The Community and Public Sector Union Victoria (CPSU) agreed to end protected industrial action for state public servants on Christmas Eve and began 21 days of compulsory conciliation negotiations with the state government.

At the time, the union and the government said the move to compulsory conciliation was a win.

CPSU state secretary Karen Batt told The Age on December 23 that the union was happy with the 21-day time frame and would not consent to a further extension.

“It [arbitration] is a risk for both sides,” she said. “What the government wanted was no end date. We've said 21 days, make an offer and if you're not going to make an offer, let's put our respective positions to an independent panel and let them make the decision.”

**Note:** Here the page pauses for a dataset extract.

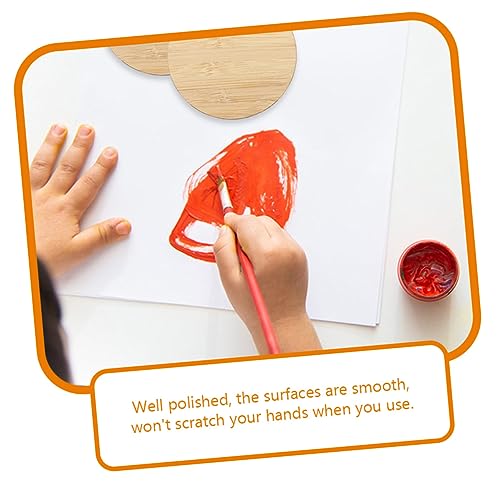 Tofficu 10pcs Round Bamboo Unfinished Circle Graffiti Bamboo Slices Unfinished Bamboo Slices Painting Materials Unfinished Round Chips DIY Graffiti Tofficu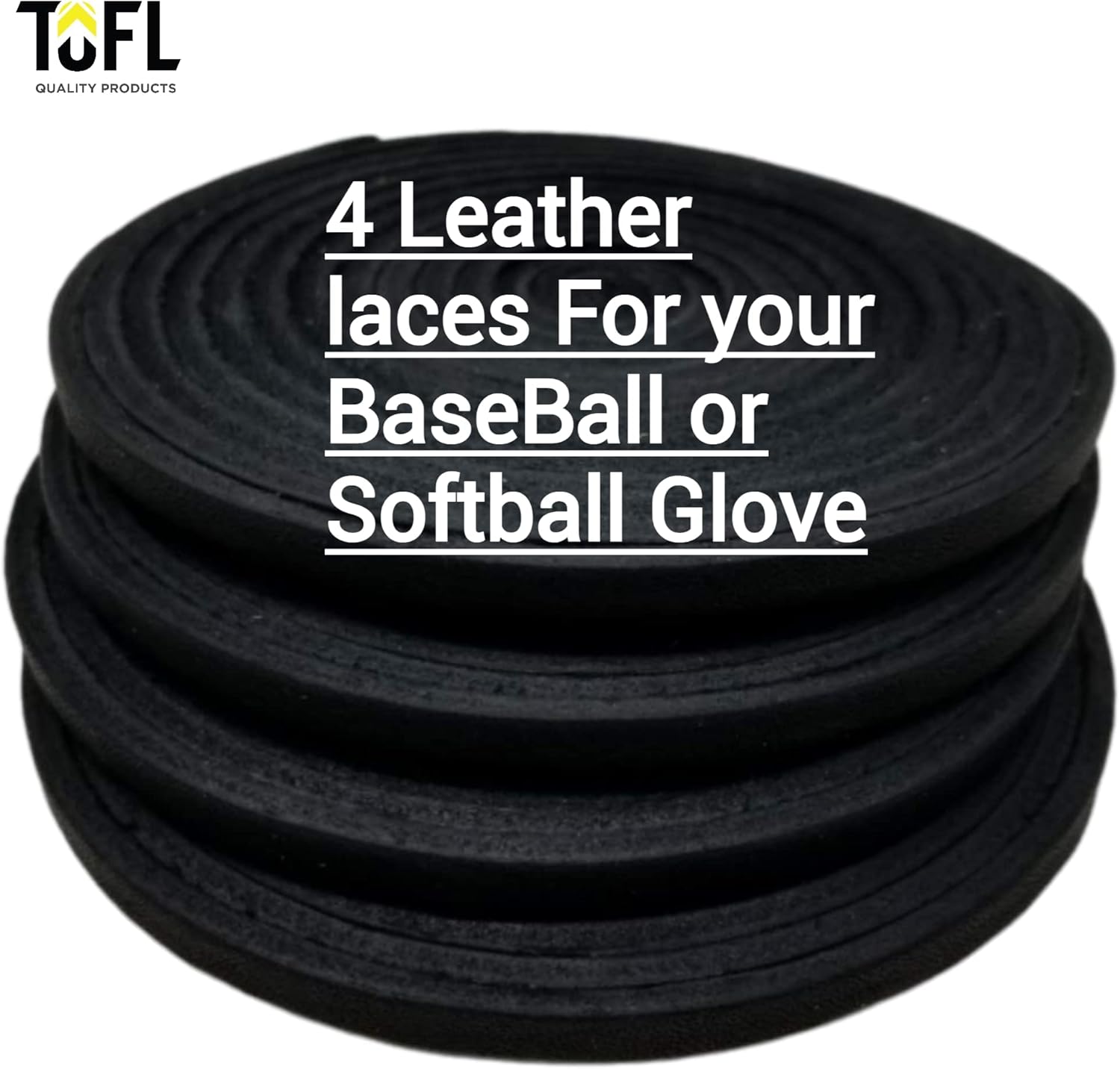 TOFL 4 Pack of Black Leather Laces to Relace Your Baseball Or Softball Glove and Leathercraft Scissors for All Your Craft Projects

No agreement was reached by January 14, so Fair Work Australia began arbitration on pay and conditions for Victorian public servants on January 24.

In October, 96% of CPSU members voted to take protected action from November.

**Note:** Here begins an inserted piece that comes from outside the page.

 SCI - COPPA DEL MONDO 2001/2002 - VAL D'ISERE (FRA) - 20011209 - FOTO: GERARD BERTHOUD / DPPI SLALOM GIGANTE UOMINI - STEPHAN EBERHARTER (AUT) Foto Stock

The government was particularly upset about child protection workers imposing a safe workload limit on the number of cases they took on. It took the union to Fair Work Australia to force the union to lift the child protection worker bans.

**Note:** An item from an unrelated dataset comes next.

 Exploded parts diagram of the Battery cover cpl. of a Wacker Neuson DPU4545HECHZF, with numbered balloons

On legal advice, the union agreed to lift the bans to prevent the government from following the Qantas path of locking out workers and forcing the union to compulsory arbitration. The union kept some bans in place, but lifted those that most affected the government.

But the union reimposed the bans from December 23 after the government said it would cut 10% of public service jobs, a total of 3600 jobs.

These job cuts are a broken election promise by Baillieu.

Batt said the government committed to “fix basic services and protect public service jobs”.

“You can’t remove this number of employees without impacting on services,” she said.

“The work just won’t magically disappear so the government must be preparing the ground for privatisation. Victoria has grown 20% in the last decade, but the service is a third less in size than it was 20 years ago.”

Batt said the government had spent $12 million on consultants across the public sector last year and paid out $10 million in executive bonuses.

The Fair Work Australia ruling to cease industrial action applies only to public servants covered by the Victorian Public Service Agreement. Workers for statutory bodies such as Parks Victoria can still take protected industrial action

About 1100 Parks Victoria workers shut 100 national parks on and held a four-hour stoppage January 26.

The workers are members of the CPSU, the Australian Services Union and the Australian Workers Union.

Union members who are also members of Socialist Alliance have campaigned for more united action by the state’s public sector unions to take united industrial action in defiance of the Fair Work Act’s ban on effective industrial action.

For the Australian Nurses Union and the CPSU, fear of the Fair Work Act forced them to lift the only effective industrial bans in place. This led to a stalemate in their respective disputes. The nurses’ union is responding to the ban on industrial action by planning mass resignations.

The CPSU’s response has been to accept arbitration.